The trend in youth violence in the city is increasing but most believe mentorship and activities specifically for youth can combat those issues.
Indiana Black Expo President Tanya Bell said while organizations such as the Ten Point Coalition and the YMCA offer ways to keep youth out of trouble, it’s up to the community to engage the young people.
“Growing up I had a mentor.

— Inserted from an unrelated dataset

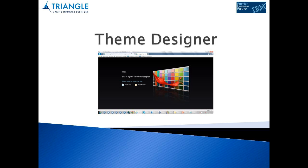Hello and welcome to this video on IBM Cognos Theme Designer. Theme Designer was introduced with Cognos 10.2.1, however it is not supported by IBM. Theme Designer allows users to create custom styles or skins for your Cognos connection portal. This is usually appropriate when you want to create a corporate look and feel for your Cognos environment.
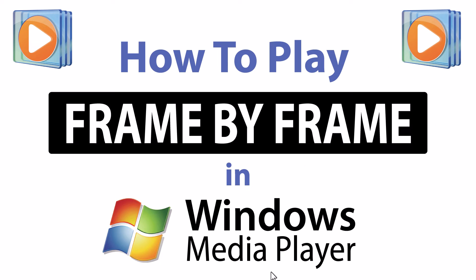This is going to be a video tutorial on how to play a video frame-by-frame in Windows Media Player. I will be using Windows 11 for this. Let me jump over to Windows Media Player here.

I came from a home of a single parent family where folks would consider it dysfunctional, but I had that mentor,” said Bell.
According to MENTOR, an organization championing to expand quality youth mentoring relationships across the country, finds 1 in 3 young people will grow up without a mentor, but those that do have an advantage.
The organization finds young adults who were at-risk for falling off track, but had a mentor are:
· 55 percent more likely to enroll in college
· 78 percent more likely to volunteer regularly
· 90 percent are interested in becoming a mentor
· 130 percent more likely to hold leadership positions.
“I had someone who inspired me, coached me and I ended up going down the right path,” said Bell. “We have to wrap our arms around the kids and we have to be able to work together to make sure we’re guiding them in the right direction.”
Bell said by getting youth on the right path, it will help to combat the future rise of the city’s homicide rate which was at a record high of 149 in 2016 .
For a list of mentoring programs in the Indianapolis area, visit doe.in.gov .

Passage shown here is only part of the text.